We know we have 75g of KOH, so let's convert that first into moles of KOH by using the molar mass found from the Periodic Table.
K = 39.1 g/mol, O = 16 g/mol, H = 1.01 g/mol, so the molar mass of KOH is all of them added together:
39.1 + 16 + 1.01 = 56.11 g/mol
To get from grams to moles, we will use some dimensional analysis/stoichiometry. If there's any question on whether to divide or multiply, divide or multiply your units and see if you get the units you want.
75 g KOH x 1 mole KOH = 1.34 mol KOH
1 56.11 g KOH
Now we can use our balanced equation to convert between moles of KOH and moles of KCl. The balanced equation gives us our "molar ratios" which tells you how many moles of the reactants are necessary to produce some number of moles of the product. So, because the leading coefficients are all 1 in the balanced equation, we can say that the amount of KOH is the exact amount of KCl that will be produced.
Therefore,
1.34 mol KOH = 1.34 mol KCl
Now let's do the same thing for the 50 g of HCl.

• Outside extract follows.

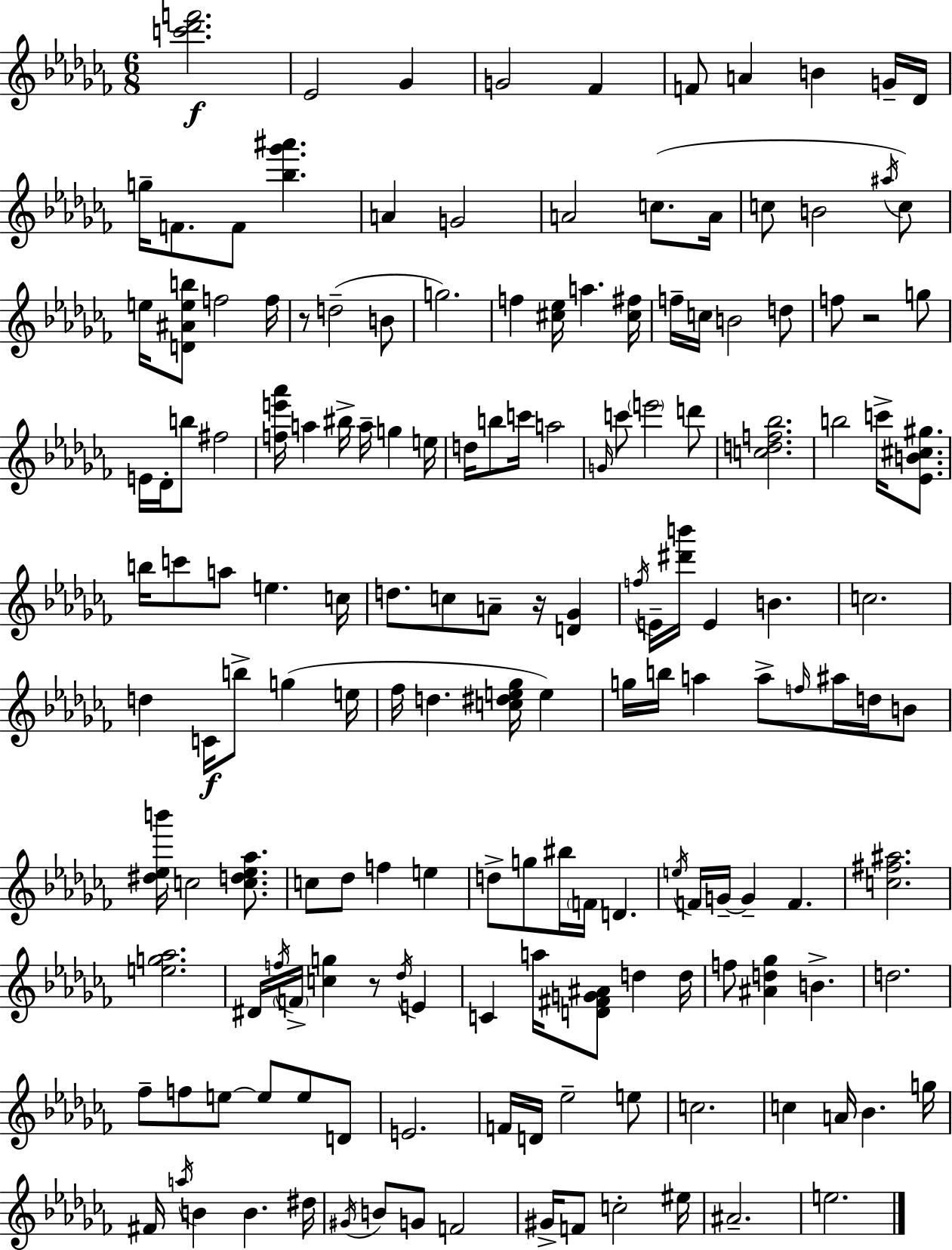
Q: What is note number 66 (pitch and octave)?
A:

50 g HCl x 1 mole HCl = 1.37 mol HCl = 1.37 mol KCl
1 36.46 g HCl
So now we have two amounts of KCl. However, because this is a Limiting Reactant problem, we are only going to choose the smallest number because that's the amount that will be produced before the limiting reactant runs out.
Think of it like making a tuna melt. For every tuna melt you have two slices of bread, one can of tuna, and one slice of cheese. If you start with 50 pieces of bread, cans of tuna, and slices of cheese, the bread would run out first and the maximum amount of sandwiches you could make is 25 even though you still have cheese and tuna leftover. Same thing here, once the limiting reactant runs out, you cannot make anymore product.
So we will use the 1.34 moles of KCl because it's the smaller out of the two numbers, meaning that KOH would be the limiting reactant.
Therefore 1.34 moles of KCl are formed, or if we convert this into grams,
1.34 mole KCl x 74.55 g KCl = 99.9 g KCl
1 1 mole KCl